### Problem statement
The full listing, returned exactly and free of pictures, is the expected answer.

### Collected data
* * * * *
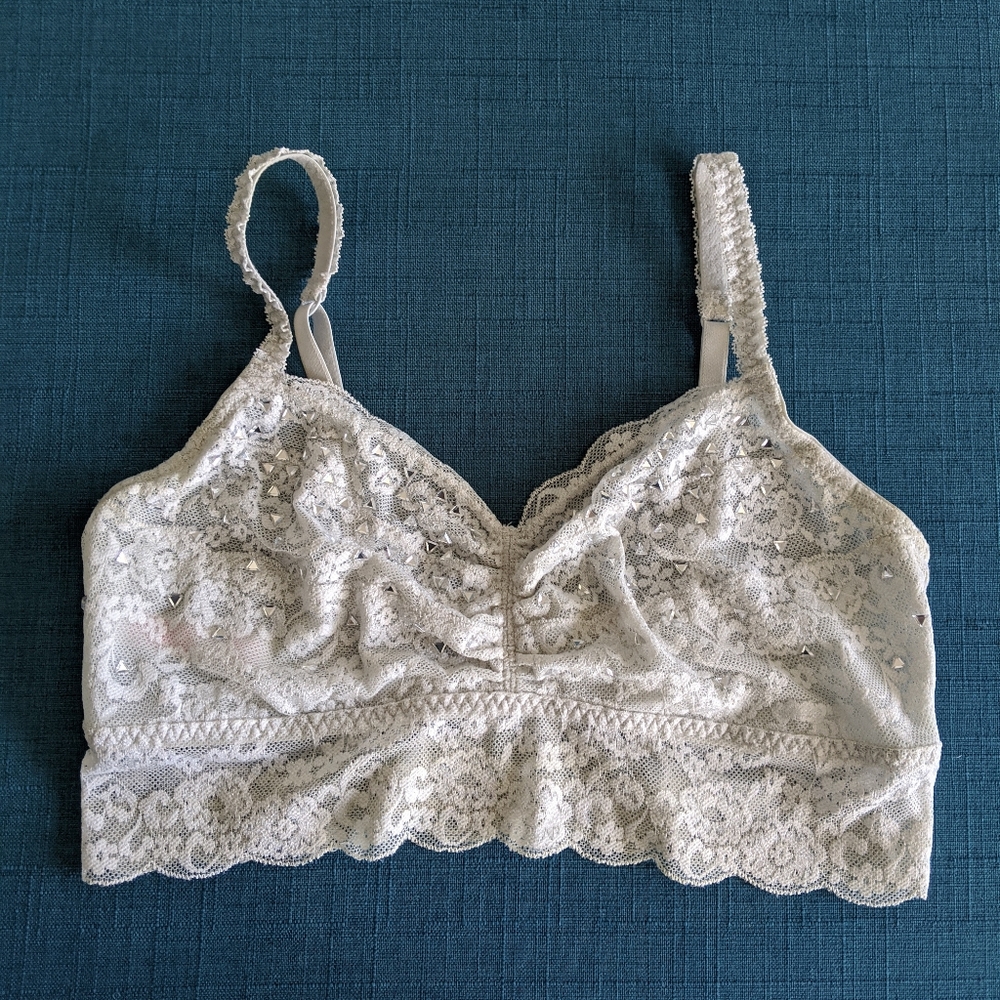 VS PINK Rhinestone Lace Bralette M
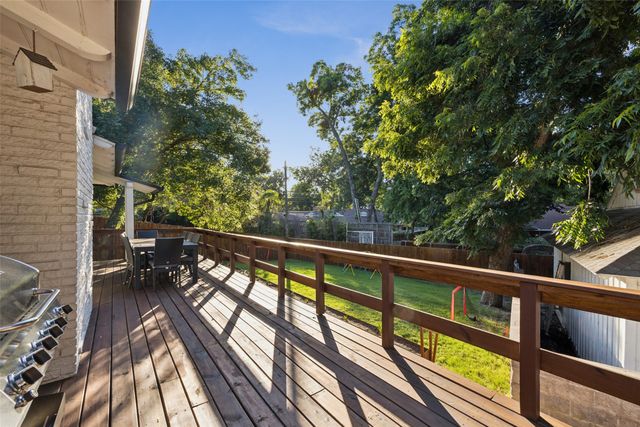 1657 Nob Hill Road, Dallas, TX 75208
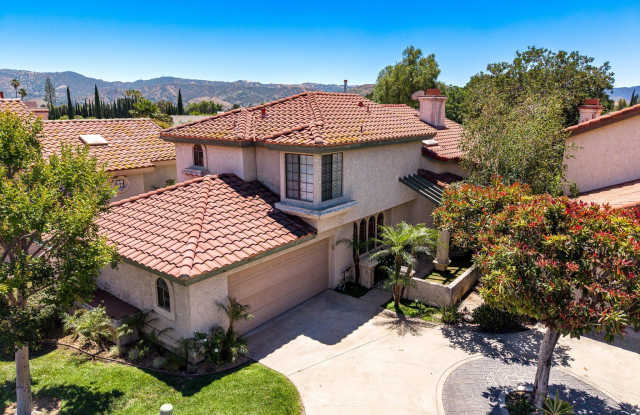 2704 Simi Hills Lane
* * * * *
### Answer for this exercise
 VS PINK Rhinestone Lace Bralette M
 1657 Nob Hill Road, Dallas, TX 75208
 2704 Simi Hills Lane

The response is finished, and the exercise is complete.